■ Prompt ■
Only the lines from the line holding "Νικόλα Κότκοφ Διεθνές" through the final line of the entries below are to be returned, exactly as they stand.

(Crawled caption data)
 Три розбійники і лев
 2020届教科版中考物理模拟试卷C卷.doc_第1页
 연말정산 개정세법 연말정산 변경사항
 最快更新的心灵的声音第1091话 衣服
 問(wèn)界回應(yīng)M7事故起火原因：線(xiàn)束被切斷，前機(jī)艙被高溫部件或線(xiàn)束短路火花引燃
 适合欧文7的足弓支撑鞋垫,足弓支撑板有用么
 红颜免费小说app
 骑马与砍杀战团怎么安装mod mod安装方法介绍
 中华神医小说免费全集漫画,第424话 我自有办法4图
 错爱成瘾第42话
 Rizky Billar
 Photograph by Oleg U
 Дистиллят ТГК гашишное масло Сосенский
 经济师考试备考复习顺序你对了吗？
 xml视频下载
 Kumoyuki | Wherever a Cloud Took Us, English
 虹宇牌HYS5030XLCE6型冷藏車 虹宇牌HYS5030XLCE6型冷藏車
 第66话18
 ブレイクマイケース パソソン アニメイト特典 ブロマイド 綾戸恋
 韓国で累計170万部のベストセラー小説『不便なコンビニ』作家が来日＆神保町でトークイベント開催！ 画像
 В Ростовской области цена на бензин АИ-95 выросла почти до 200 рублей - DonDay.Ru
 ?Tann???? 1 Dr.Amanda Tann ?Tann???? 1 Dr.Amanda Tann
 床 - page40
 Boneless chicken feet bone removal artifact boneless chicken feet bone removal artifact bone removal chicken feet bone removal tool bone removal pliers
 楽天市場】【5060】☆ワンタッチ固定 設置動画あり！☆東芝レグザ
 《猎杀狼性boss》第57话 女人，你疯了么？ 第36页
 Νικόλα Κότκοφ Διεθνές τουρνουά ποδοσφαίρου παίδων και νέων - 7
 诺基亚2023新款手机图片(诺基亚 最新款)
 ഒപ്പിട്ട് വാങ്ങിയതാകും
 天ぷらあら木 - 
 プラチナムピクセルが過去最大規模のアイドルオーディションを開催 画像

■ Response ■
 Νικόλα Κότκοφ Διεθνές τουρνουά ποδοσφαίρου παίδων και νέων - 7
 诺基亚2023新款手机图片(诺基亚 最新款)
 ഒപ്പിട്ട് വാങ്ങിയതാകും
 天ぷらあら木 - 
 プラチナムピクセルが過去最大規模のアイドルオーディションを開催 画像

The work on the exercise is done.